Here are two theorems from T. Apostol's book on analysis.
Since the left-hand sides of both displays are the same (up to replacing $u$ with $v$ or vice versa), I believe their right-hand sides are equal too (provided in $(6)$ one replaces $u$ with $v$). So we have the following equality: $$f'(c;v)=\sum_{k=1}^nv_k D_k f(c),$$ where $v=(v_1,\dots,v_n)^t\in \mathbb R^n$.
Is there a more direct way of proving this? I tried to expand the quotient in the definition of the directional derivative $f'(c;v)$ but didn't arrive at anything reasonable.
Also, am I correct in saying that both these theorems are generalized versions of Theorem 9.17 in Baby Rudin? (See Theorem 9.17 from Baby Rudin)
I would show the equality by using the abstract characterization of the derivative. That is, for some function $f\colon \Omega \to \mathbb{R}^n$ mapping an open domain $\Omega \subseteq R^m$ into the $n$-dimensional euclidean space, we call a linear function $T\colon \mathbb{R}^m \to \mathbb{R}^n$ the derivative of $f$ in $c\in \Omega$ iff $f(c+h) - f(c) - T(h) = o(|h|)$. The later means that $$ \lim_{h \to 0} \frac{|f(c+h) - f(c) - T(h)|}{|h|} = 0.$$ Indeed, it can be easily shown that such a linear function is unique if it exists.

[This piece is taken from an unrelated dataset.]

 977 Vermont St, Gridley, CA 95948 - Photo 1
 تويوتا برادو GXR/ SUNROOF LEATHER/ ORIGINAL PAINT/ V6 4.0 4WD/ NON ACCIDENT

We now want to show that $$f'(c;v)=^?\sum_{k=1}^nv_k\, D_k f(c).$$ However, the right hand side equals the (total) derivative of $f$ at $c$, and the left hand side fulfills $$\lim_{t \to 0^+} \frac{|f(c+t v) - f(c) - f'(c;v) t|}{|t|} = 0$$ by the very definition of the directional derivative. Since the directional derivative is unique as well, it follows that the putative equality indeed holds.